I guess chipmunk is good for this because its in c
- By jlnr (dev) Date 2009-02-19 21:10
You can divide the level into small sectors if your objects are distributed well over the level and not all in one place, and then only check objects in the neighboring sectors. Other optimizations would be to work with integer (Fixnum) values only, as they are much faster than Floats. Or to take a look at the efforts of porting Gosu to Ruby 1.9, which might just be fast enough for you (ugly, but…). Just some ideas :)
- By Basic Date 2009-02-20 18:56
is 1.9 that much faster? is it comparable to python?

how is it ugly? are you talking about getting it to work? or actually packaging and running it?
- By jlnr (dev) Date 2009-02-20 20:22
Yes, it should be on par with Python. Mostly, I find it sad that the well-supported Ruby 1.8 is so slow and that an update would fix many of these problems. But using the system-supplied Ruby sure feels safer—would've loved it if they shipped Leopard with 1.9 :(

With a working 1.9 Deployment Template, everything would be pretty easy actually; you could use it for development too instead of installing Ruby 1.9 in its entirety on your system. At least it's scheduled for the next version of Gosu, if that's of any help ;)
- By justindz Date 2009-03-03 16:27
Depending on your type of game, this might be a good optimization.  For example, if you have a platformer without projectiles, you'd only really need to check collisions within a 30px box around the player, or something.  Even with projectiles, if they have a defined path you could limit your checking to that defined path and only when a projectile is active.

Adding Chipmunk shouldn't be too bad.  The collision detection is great.  However, if you were doing a tile-based RPG, for example, it'd be more trouble than it's worth.  In that case, you really only need to do adjacent tile checks in the direction of movement.  If you are doing something where you need running, jumping, falling, etc. then you get other stuff for free and the collision callbacks are really handy.
- By hima Date 2009-03-03 17:22
What kind of game you're working on?  I made a bullet hell shmup and the game works fine with 500 objects circle collisions.
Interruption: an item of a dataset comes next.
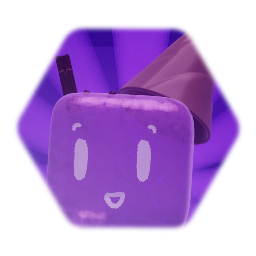 <clue> Purple Ice cube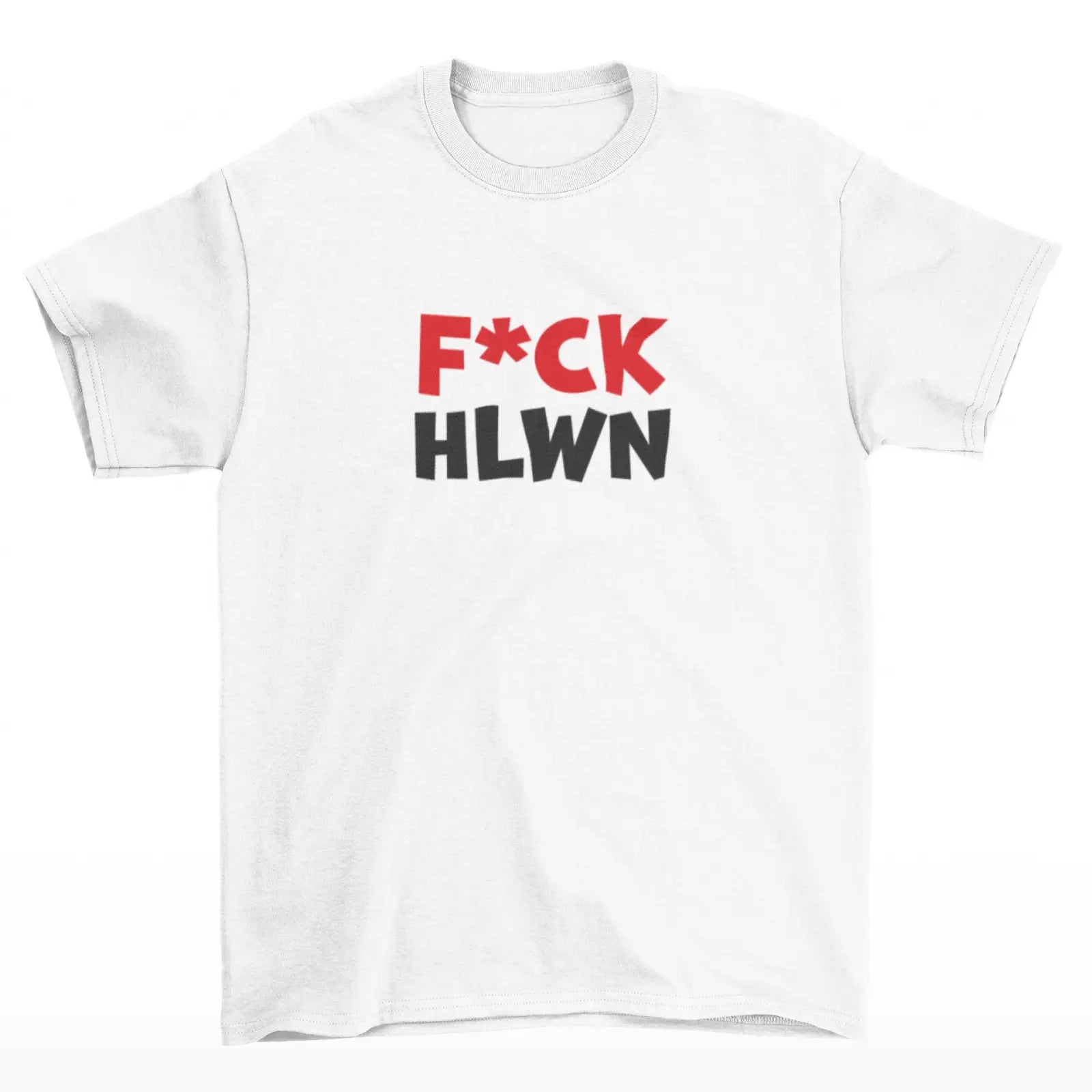 Bílé tričko s nápisem fuck halloween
So I don't think 100 - 200 objects would be a problem, unless you're doing some sophisticate collision like pixel perfect or rotate rectangle :)
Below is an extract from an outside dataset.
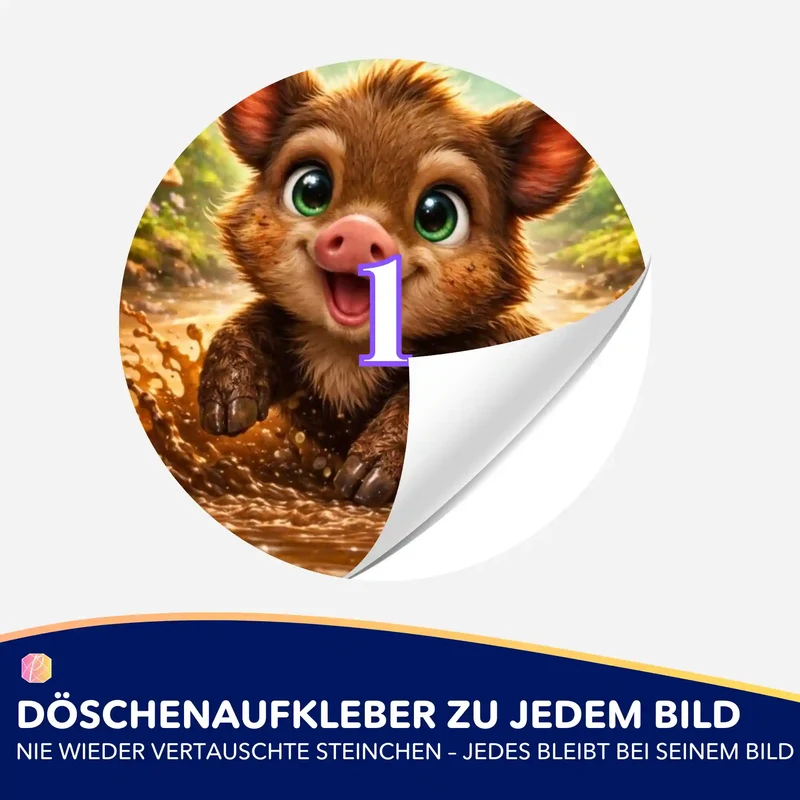 Döschenaufkleber - Pfützenglück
But if you just need box collision like your first choice, you don't really need chipmunk since I doubt the speed difference between box and circle collision aren't that significant.
- By Shinobi Chef Date 2009-05-18 01:06
How many pixel perfect collisions could be done?
50?100?
- By phelps.db Date 2009-06-08 20:08
For those of you who have seen the source for Dimensions, you may have noticed a clumsy #check_collision method in game.rb. The course-interaction collision detection is separate and more advanced than this one, which is inter-object collision. Ideally, it verifies the object identity, cycles through specific other object(s) to check overlap, and executes code accordingly.

This could use optimization. Does anyone have specific ideas? I would try chipmunk, but unfortunately I'm running on windows which means that downloading and setting up any intelligent piece of software is a nightmare. I'm trying to make energy-efficient "green" code out of Ruby rather than updating and downloading new stuff.
- By banister Date 2009-06-08 20:25
yeah man,

divide the map into 8 or so quadrants and find which quadrant the object is located in then just do collision detection against other objects in the same quadrant. This is a very lo-fi version of the bsp technique

banister
- By Maverick Date 2009-06-08 21:39
It's usually called the octree method.